Durante más de dos décadas, un ejército de artesanos, talladores, pintores y canteros trabajó bajo su dirección minuciosa. Se levantaron las torres puntiagudas y los torreones que dan al castillo su silueta de cuento; se decoraron los salones con maderas talladas, tapices y obras de arte que el conde reunía en sus viajes; y se creó la deslumbrante Sala Dorada, con un techo inspirado en el arte veneciano. Pálffy supervisó cada detalle con obsesión, convirtiendo el proyecto en la obra de su vida.

El conde no llegó a ver del todo terminada su creación: murió en 1908, antes de que concluyeran las obras. Su testamento, que pretendía preservar el castillo y sus colecciones como un legado artístico, dio lugar a largos pleitos entre los herederos, y buena parte de las obras de arte que había reunido acabó dispersa y vendida. Pero el castillo, con su nueva piel romántica, quedó como su monumento personal.

Del incendio al museo nacional: el siglo XX y hoy

Tras la muerte del conde Pálffy y la disolución del Imperio austrohúngaro, el castillo cambió de manos. En 1939 fue adquirido por el empresario del calzado Ján Baťa, el magnate de la famosa firma checa, cuya empresa lo poseyó durante los años de la Segunda Guerra Mundial. Tras la guerra y la llegada del régimen comunista a Checoslovaquia, el castillo fue nacionalizado y pasó a manos del Estado, que lo destinó a museo.

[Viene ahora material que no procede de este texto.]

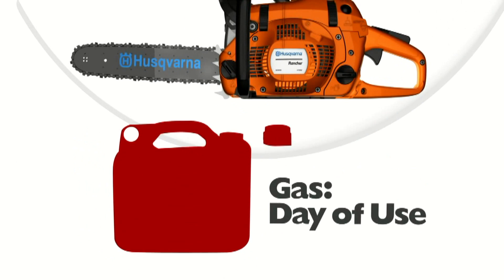Whether you are a professional landscaper or a homeowner, always keep the cap secure on your gas containers between jobs. Even exposing your gas to air for a short period of time will allow it to absorb detrimental amounts of water.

En 1950, un grave incendio dañó partes del castillo, lo que obligó a emprender trabajos de restauración a lo largo de las décadas siguientes. Poco a poco, Bojnice se consolidó como sede del Museo Nacional Eslovaco (Slovenské národné múzeum) y se abrió plenamente al público, recuperando y exhibiendo mobiliario histórico y colecciones de arte en sus salones reconstruidos. Su cueva natural, su parque y el tejo milenario se integraron en la visita.

Hoy, el castillo de Bojnice es el monumento más visitado de Eslovaquia. Cada año atrae a multitudes no solo por su arquitectura de cuento, sino por su calendario de eventos: el Festival Internacional de los Fantasmas y los Espíritus, en primavera, es la atracción cultural que más visitantes reúne en todo el país, y los recorridos temáticos de Halloween y Navidad llenan el castillo de vida. Bojnice ha logrado algo poco común: ser a la vez un monumento histórico serio, sede de un museo nacional, y un lugar de fantasía popular donde castillo, cueva, parque, zoo y termas componen una experiencia única en el corazón de Eslovaquia.